This guy was smart. He waited to mark mine as not home at 7:30 pm.. They close at 8... And I'm almost two hours from the distribution center (it's in Crofton). Trust me, if had done it earlier, I would have called and demanded a redelivery. The person I talked to insisted I must not have heard him knock. I pointed out that not only did I not hear him knock, my dogs didn't hear him (and they were outside and bark if anything comes into the yard), my kids didn't hear him, I didn't see or hear his truck (and I hear EVERY truck that goes by). And IF he tried to deliver at 7:30 then just how did he make it back to Crofton by 8? And why wasn't there a door tag?

I went with the 64gb. I had that on my ipad 2 and only went with 32 on my original Mini. With the videos and audiobooks, 32 just wasn't enough. I thought about 128, but didn't think I'd ever come close to needing that much. I also went with black instead of white. I'm tired of the white and needed a change.


----------



## teralpar

Toby said:


> Thanks everyone for your helpful advice. I like both sizes. I like the larger size for sitting down at night & the smaller size one for carrying around to check things. Yet, I could save money if I got the smaller one. I will have to keep thinking about this.


I thought the same thing. My son bought an iPad Air a few days ago, and I really like that one also. Seeing his screen is what made me want to ditch my 1st gen Mini and get the Mini w/Retina. I would like to have an iPad Air as well, eventually. I would keep the Air at home (WiFi-only) and keep the Mini (which has cellular) with me in my purse. Maybe I'll get one towards the end of this year when/if they come out with the iPad Air 2/iPad 6, then I could purchase the 1st gen Air at a discount.


----------



## teralpar

Luvmy5brats said:


> I went with the 64gb. I had that on my ipad 2 and only went with 32 on my original Mini. With the videos and audiobooks, 32 just wasn't enough. I thought about 128, but didn't think I'd ever come close to needing that much. I also went with black instead of white.
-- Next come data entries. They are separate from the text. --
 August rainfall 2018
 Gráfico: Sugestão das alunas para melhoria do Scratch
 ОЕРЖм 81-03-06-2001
I'm tired of the white and needed a change.


I wanted the 64gb but none of the stores in my area had them, only the 16gb & 32gb. So I went with the 32, since my 1st Mini had 16gb and I ran out of room on that one because I like to store music from Amazon, Spotify, and iTunes on the device.


----------



## luvmy4brats

My package has finally arrived! YAY!!  Unfortunately I won't be home for another hour or so.


----------



## luvmy4brats

Ok, it was worth the wait. First off, AT&T sent me the 128GB instead of the 64GB. I called to see if they wanted me to take it in to the store or send it back for an exchange, they told me to go ahead and keep it... And they only charged me for the 64GB I checked. She said since I've been with them for so long (almost 16 years) it was the least they could do.. Wasn't expecting that at all! <happy dance>

The screen is ah-mazing. So crisp and clear.. And wheee, it's MUCH faster. Apps are still downloading, so I haven't been able to play with too many things (hopefully Marvin & Kindle will finish downloading soon) and I can't wait to watch a movie on it.
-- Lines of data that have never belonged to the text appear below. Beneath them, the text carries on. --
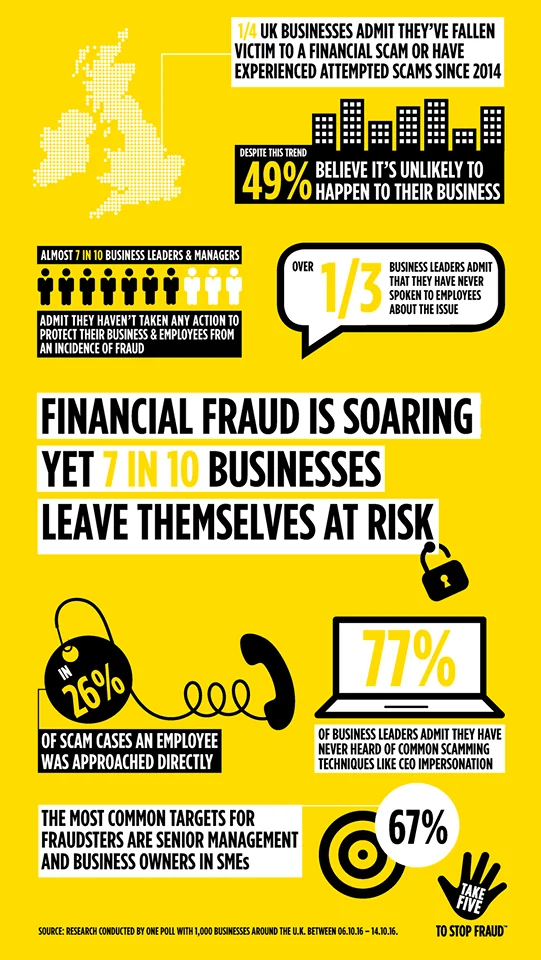 Take Five infographic: a quarter of UK businesses admit falling victim to a scam, with statistics on business fraud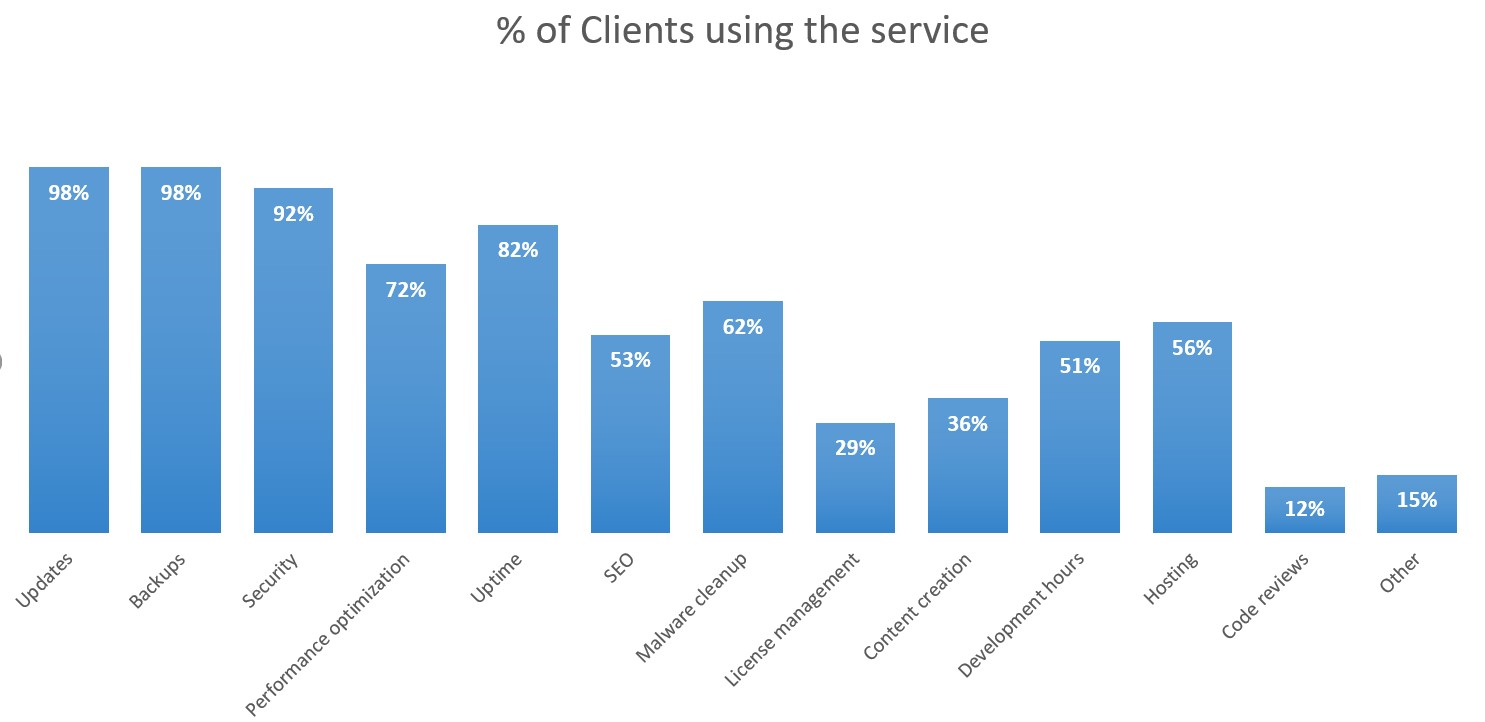 Top tier: Percentage of clients using the service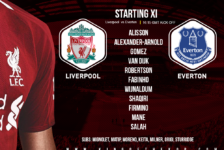 Liverpool team v Everton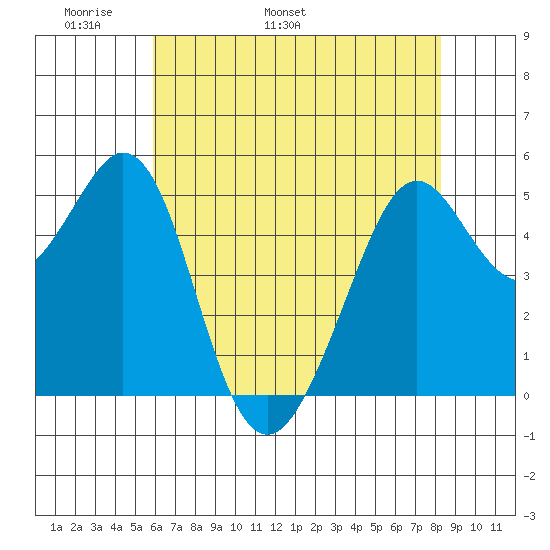 Potrero Point tide chart for Saturday, May 21, 2022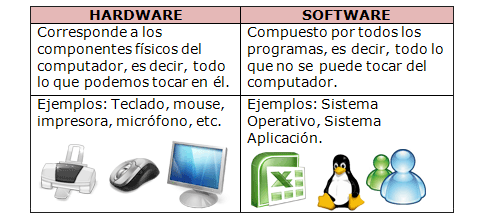 BLOQUE 4: EVALUACION DE LOS SISTEMAS TECNOLOGICOS APRENDIZAJE 2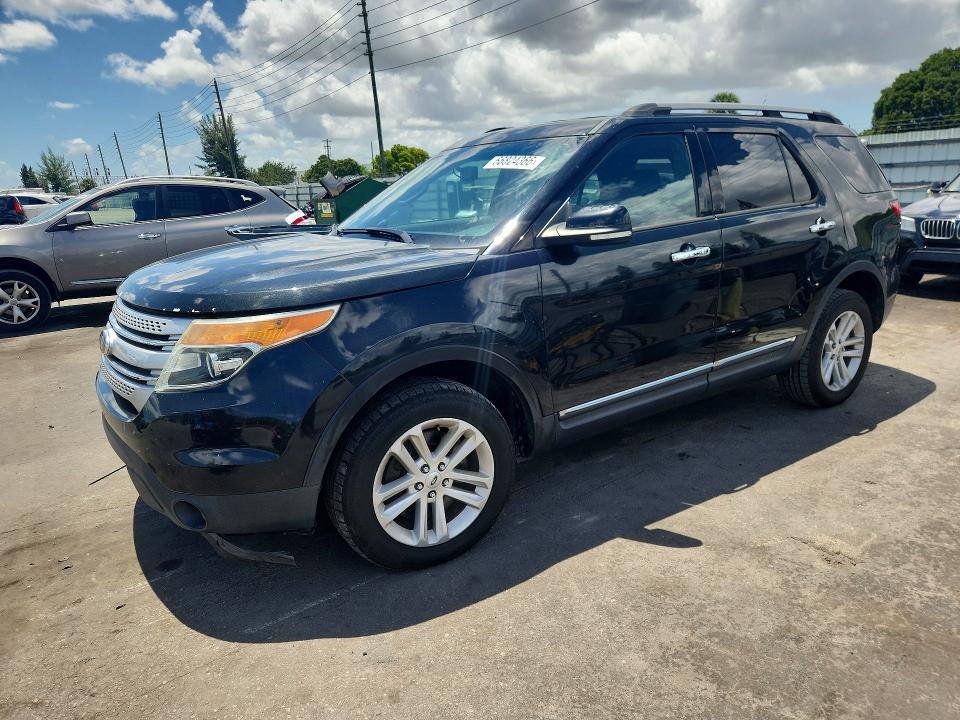 2015 Ford Explorer მანქანა იყიდება აუქციონზე, vin: 1FM5K8D82FGA59917, აუქციონის ნომერი: 66824366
Even though it's slightly thicker, it still fits in my hardback case and while I know it's heavier, I don't even notice it.


----------



## Toby

Heather- Wow! What a story. The wait, the aggravation, the call. You definitely called them on that one. Then, to get the 128 for the price of the 64!!! Awesome! I'm so happy for you!!! So far, the Mini 2 sounds fantastic. Thank you for your description.I haven't seen it yet in person. I will probably get the white, either the 64 or the 128. I keep thinking that the 64 would be enough, but to get double that with a $100 more..., which is not cheap, but what if I regret not getting it. Wifi only if I get the iPad Air. I might get T-Mobile if I get the Mini.


----------



## colegrove

The screen on the mini Retina is superb, but the restrictions on in-app purchases and the lack of X-Ray in Amazon Video are a big negative.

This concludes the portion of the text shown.